Lines from the one with "3d printer DIY" through the end of the listing below are to be retyped exactly.

_Data provided_
● ● ● ● ●
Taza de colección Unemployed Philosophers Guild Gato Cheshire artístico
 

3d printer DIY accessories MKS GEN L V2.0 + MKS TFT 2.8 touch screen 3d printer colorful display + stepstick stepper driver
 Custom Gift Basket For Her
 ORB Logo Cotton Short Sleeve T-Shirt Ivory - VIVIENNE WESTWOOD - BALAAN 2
● ● ● ● ●
_Completed task_
3d printer DIY accessories MKS GEN L V2.0 + MKS TFT 2.8 touch screen 3d printer colorful display + stepstick stepper driver
 Custom Gift Basket For Her
 ORB Logo Cotton Short Sleeve T-Shirt Ivory - VIVIENNE WESTWOOD - BALAAN 2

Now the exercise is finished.